With that motivation, we're now talking
about magnetic resonance.
And we will later do a fully quantum-mechanical description,
but to get the concepts and also understand the analogies
to a classical system, we want to understand
what happens when we have a classical magnetic moment
in magnetic fields.
And that includes static fields, but then we
want to excite the system.
We want to drive the system.
And this is time varying fields.
And we realize soon that the fields are spatially uniform.
So let me just remind you of the obvious equations of motion
that also allows me to introduce the nomenclature.
The interaction energy between a classical magnetic moment
mu and the magnetic field is mu dot B.
The force is the gradient of the interaction energy.
But it is 0 for uniform fields.
So therefore, we don't need to look at the force,
but the next thing which we then have to consider is the torque.
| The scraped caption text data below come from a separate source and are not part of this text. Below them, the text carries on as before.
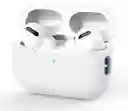 Funda Protector Airpods Pro 2 Apple Silicón Blanco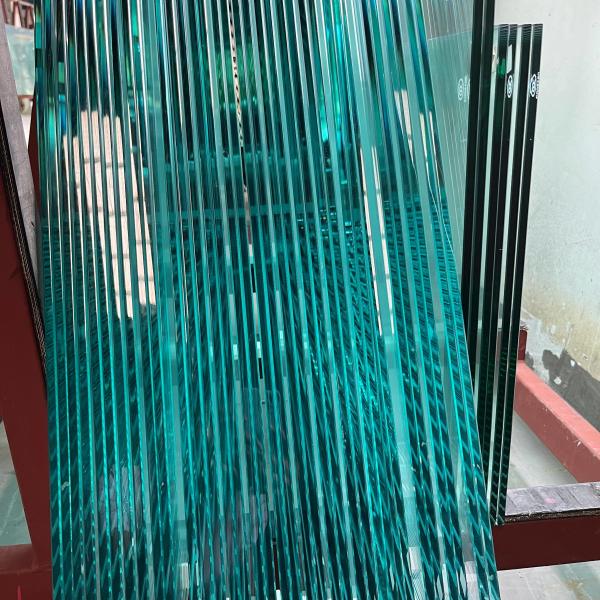 Public Building Glass Door Window High Strength Sliding Toughened Glass Door Safety Tempered Sliding Glass Doors 3mm - 19mm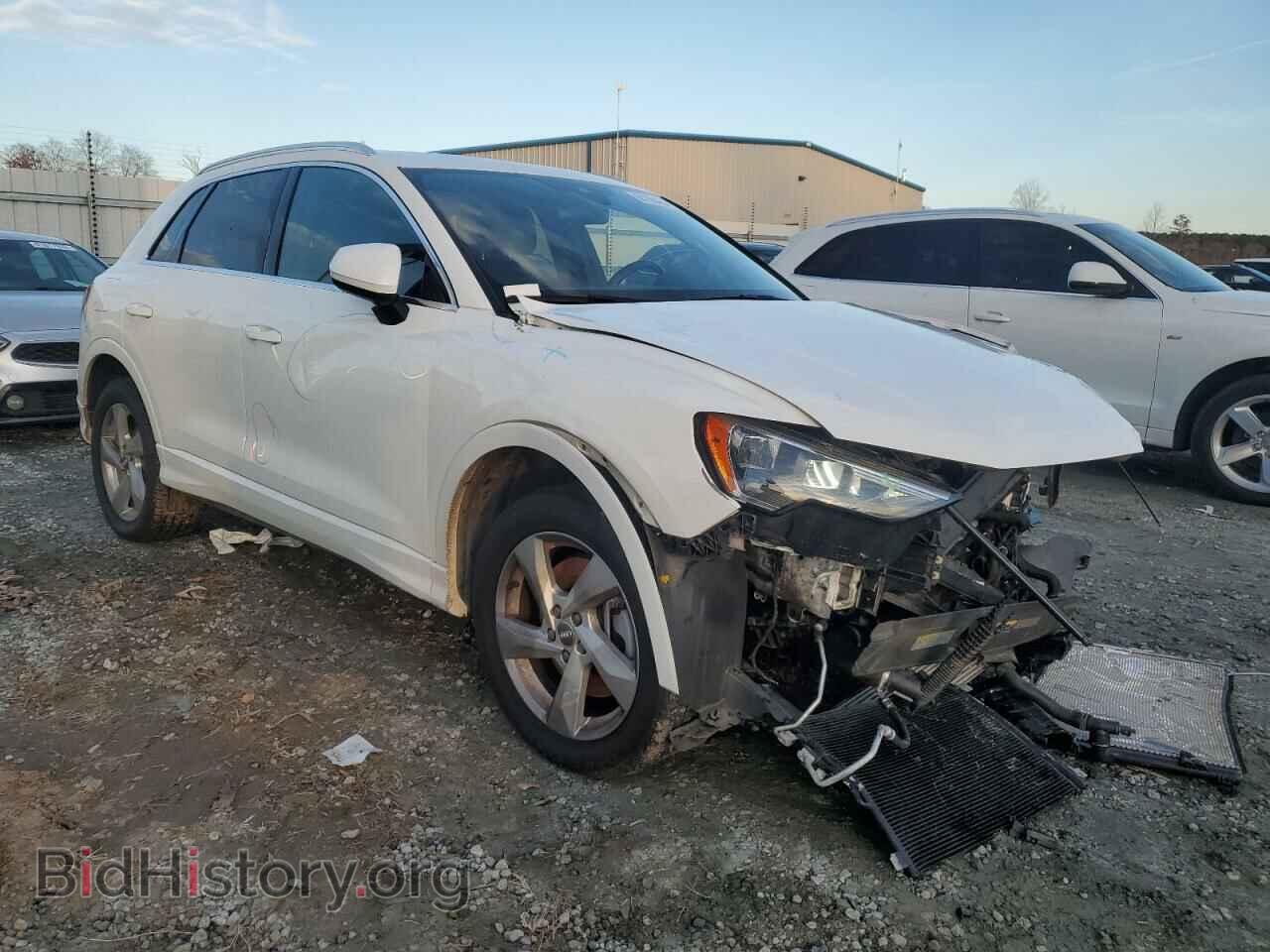 2020 AUDI Q3 - VIN: WA1AECF3XL1053841 - Фото 4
And when we think about the classical magnetic moment,
you can think about a compass needle,
but magnetic materials are complicated.
If I think about the simplest magnetic moment,
I think about a loop of current I and area A.
And that's sort of the classical model for magnetic moment.
So we have a magnetic moment mu.
And if we now add a magnetic field, which is at an angle,
we have a torque.
But just to be sure, to make sure,
the torque is something which is nothing else than the Lorentz
force on the electrons.
But since the electron is forced to go in a circle,
we don't have to look at the Lorentz force microscopically,
we just immediately jump to the torque,
and the torque is what describes the dynamics of the system.
OK.
So we have torque.
When we have torque, we want to formulate the problem
in terms of angular momentum.
And our equation of motion is the classical equation
of motion that the derivative of angular momentum
is given by that.
Now, what makes those equations immediately solvable and find
a very easy limit is that the magnetic moment of this system,
we assume, is proportional to its angular momentum.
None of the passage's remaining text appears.